Optomechanical properties of GaAs/AlAs micropillar resonators operating in the 18 GHz range

TL;DR

This paper numerically investigates GaAs/AlAs micropillar resonators operating around 18 GHz, revealing their strong optomechanical coupling and the influence of boundary conditions and geometry on their properties.

Contribution

It provides new insights into the optomechanical behavior of GaAs/AlAs micropillars, highlighting the impact of boundary conditions and geometry on their performance.

Findings

Mechanical quality factor depends strongly on micropillar radius.

Optomechanical coupling constants reach ultra-large values (~10^6 rad/s).

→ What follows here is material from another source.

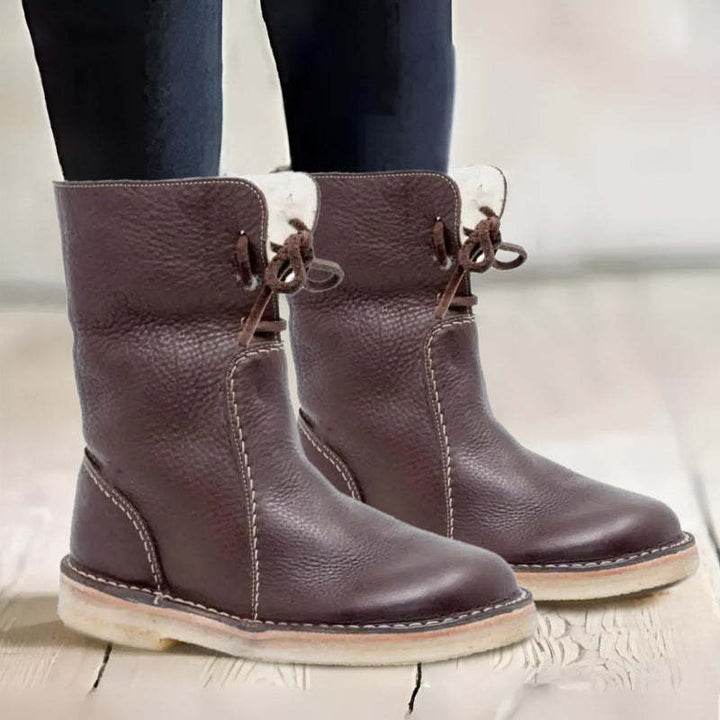 Waterproof Orthopedic Snow Boots Women with Arch Support and Fur Lining for Winter Comfort 6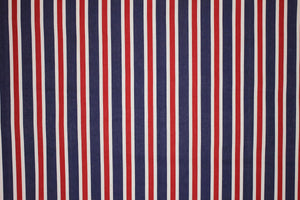 red white and blue stripe fabric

Poisson's ratio and boundary conditions significantly affect confinement features.

Abstract

Recent experiments demonstrated that GaAs-AlAs based micropillar cavities are promising systems for quantum optomechanics, allowing the simultaneous three-dimensional confinement of near-infrared photons and acoustic phonons in the 18-100 GHz range. Here, we investigate through numerical simulations the optomechanical properties of this new platform. We evidence how the Poisson's ratio and semiconductor-vacuum boundary conditions lead to very distinct features in the mechanical and optical three dimensional confinement. We find a strong dependence of the mechanical quality factor and strain distribution on the micropillar radius, in great contrast to what is predicted and observed in the optical domain. The derived optomechanical coupling constants g_0 reach ultra-large values in the 10^6 rad/s range.